"""
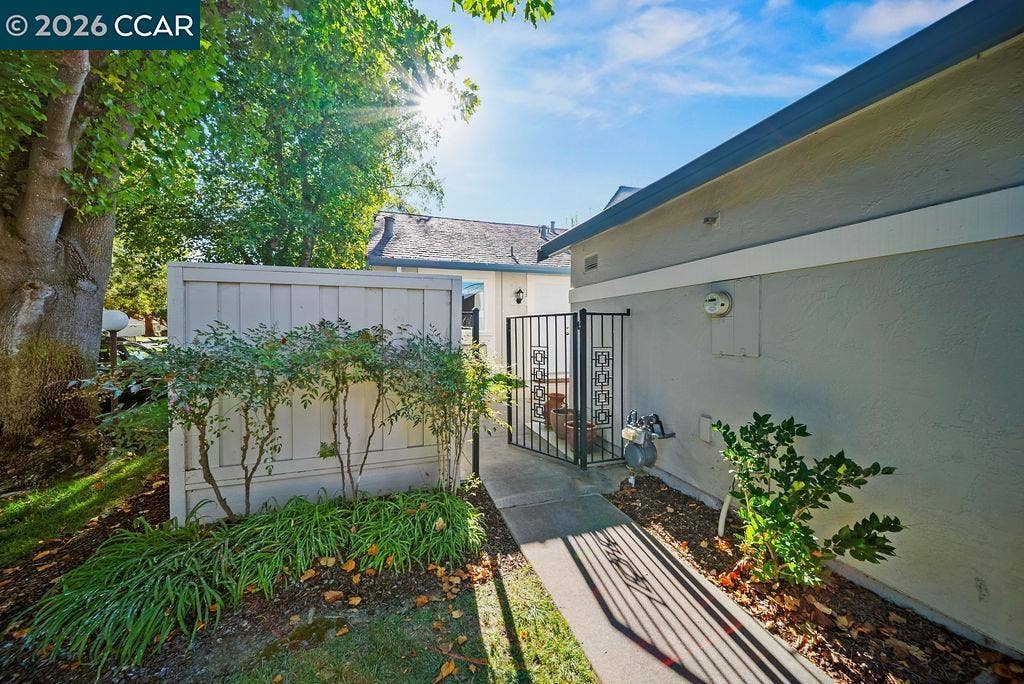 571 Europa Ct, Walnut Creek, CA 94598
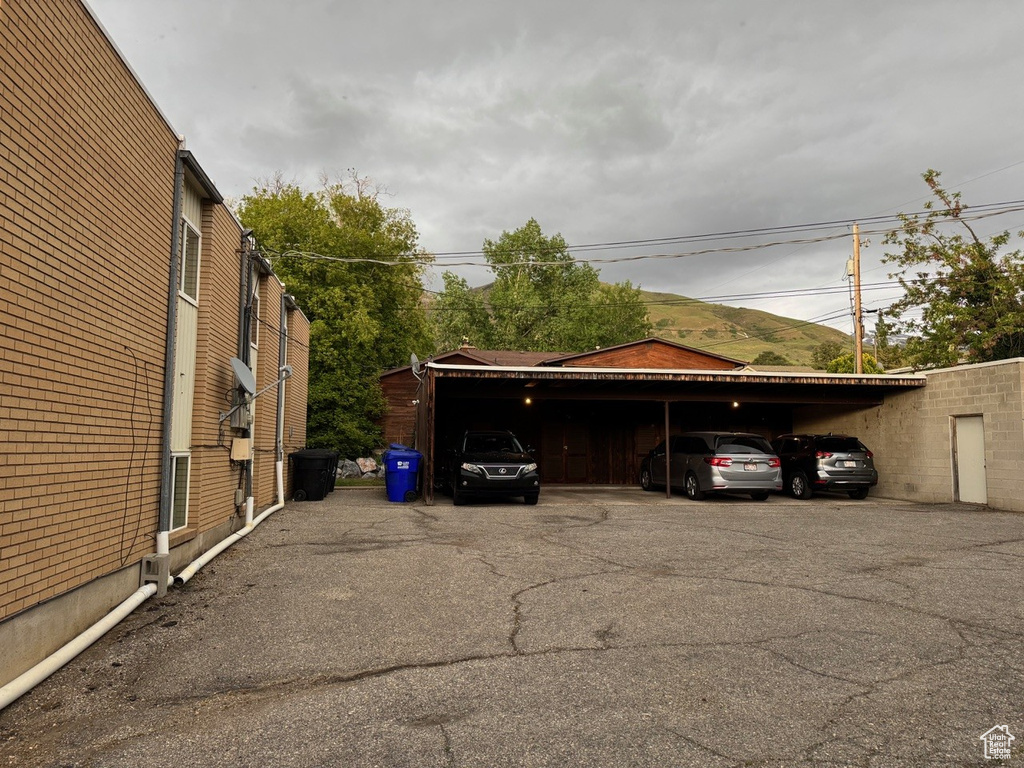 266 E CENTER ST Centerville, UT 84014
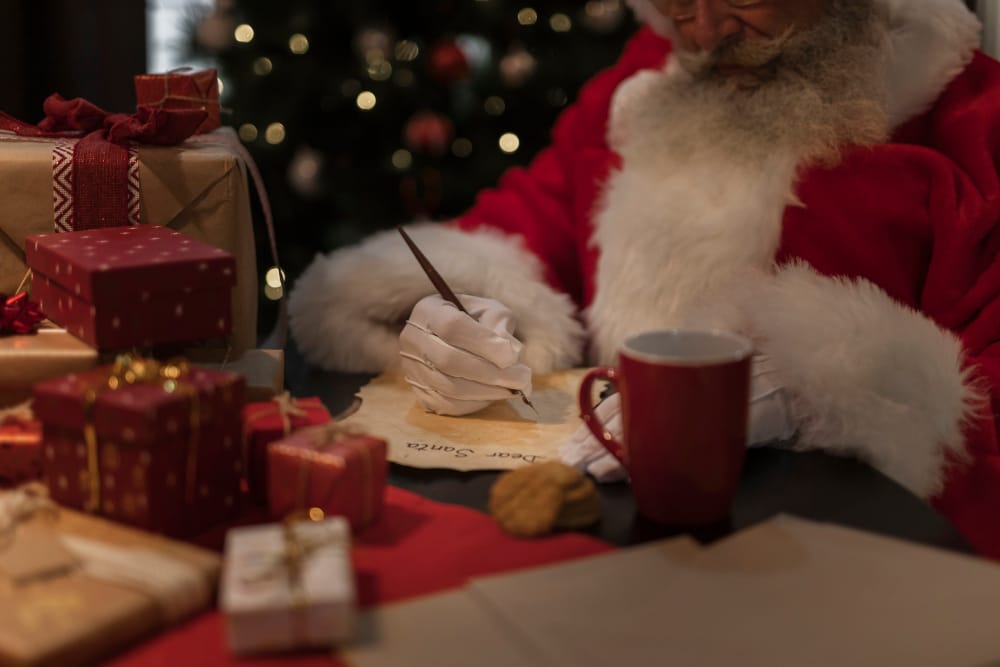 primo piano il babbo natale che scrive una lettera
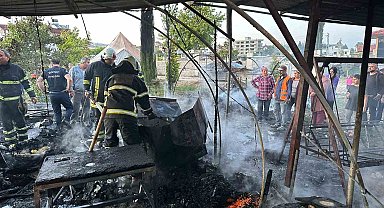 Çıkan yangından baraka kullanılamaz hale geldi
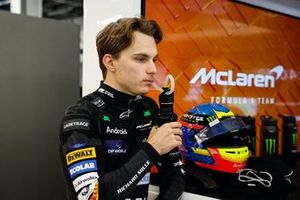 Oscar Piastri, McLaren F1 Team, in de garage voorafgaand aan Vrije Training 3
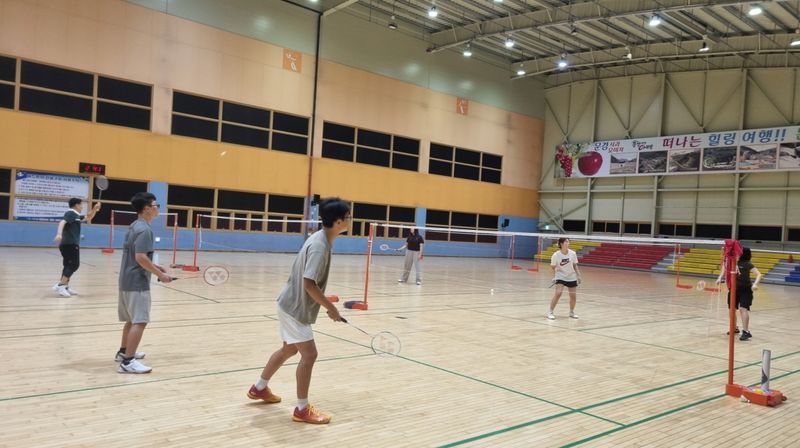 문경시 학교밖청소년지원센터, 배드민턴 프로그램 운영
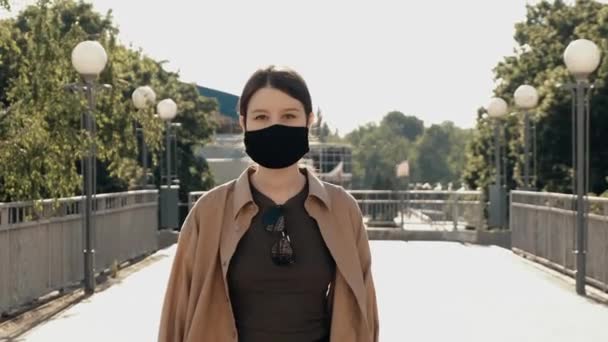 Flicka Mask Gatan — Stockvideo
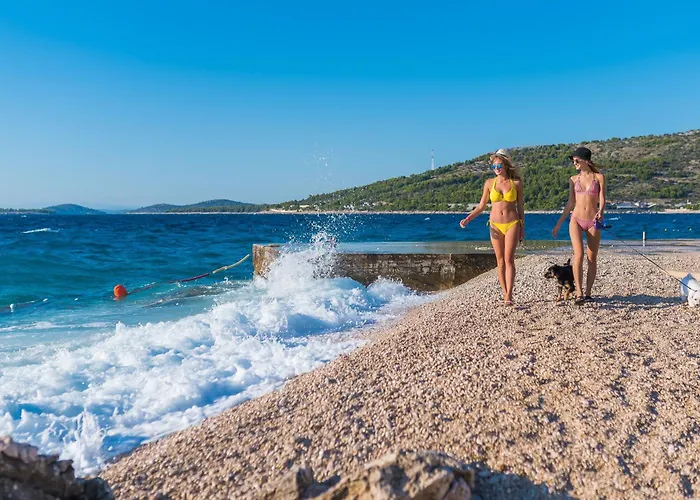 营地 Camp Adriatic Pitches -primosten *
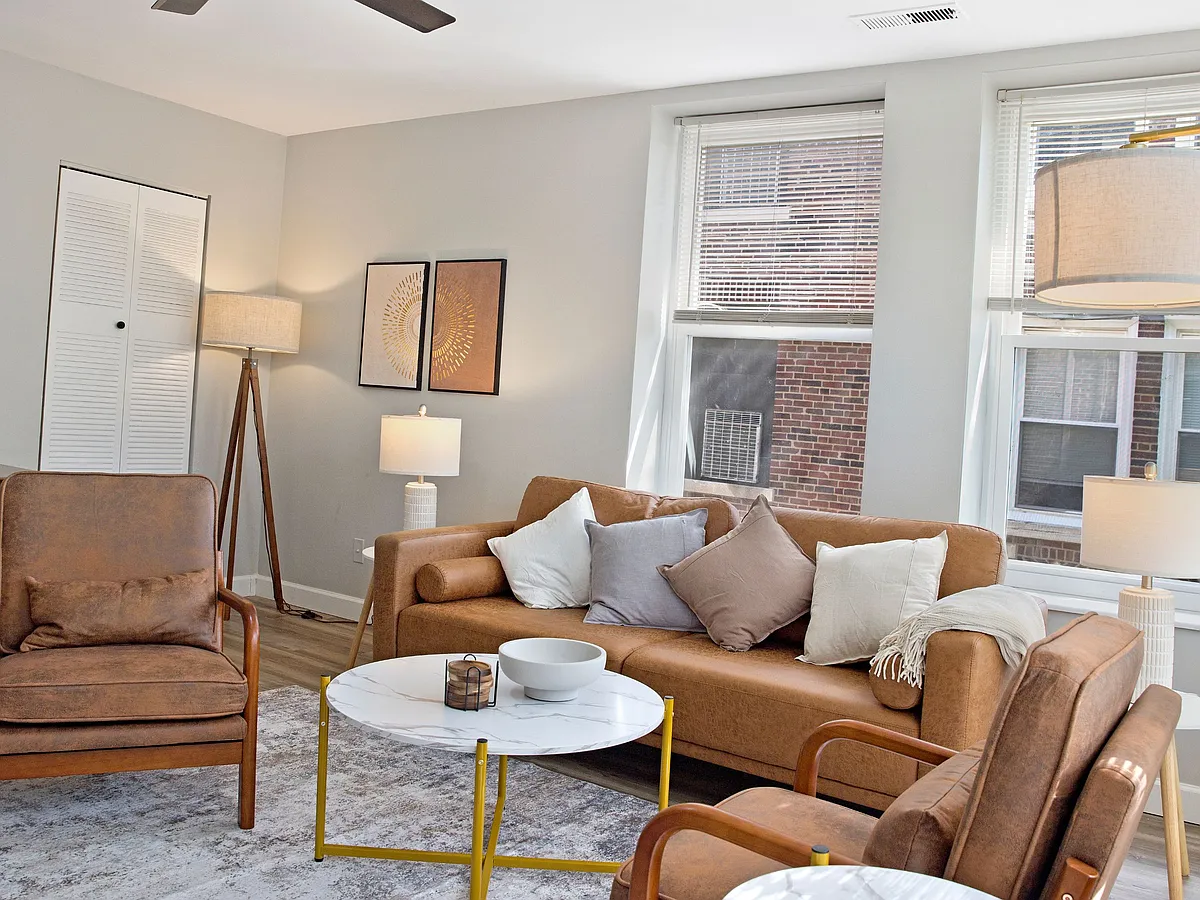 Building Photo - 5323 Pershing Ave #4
"""
### EXERCISE DETAILS
Repeat every record above exactly, except the pictures.

### ANSWER SPACE
 571 Europa Ct, Walnut Creek, CA 94598
 266 E CENTER ST Centerville, UT 84014
 primo piano il babbo natale che scrive una lettera
 Çıkan yangından baraka kullanılamaz hale geldi
 Oscar Piastri, McLaren F1 Team, in de garage voorafgaand aan Vrije Training 3
 문경시 학교밖청소년지원센터, 배드민턴 프로그램 운영
 Flicka Mask Gatan — Stockvideo
 营地 Camp Adriatic Pitches -primosten *
 Building Photo - 5323 Pershing Ave #4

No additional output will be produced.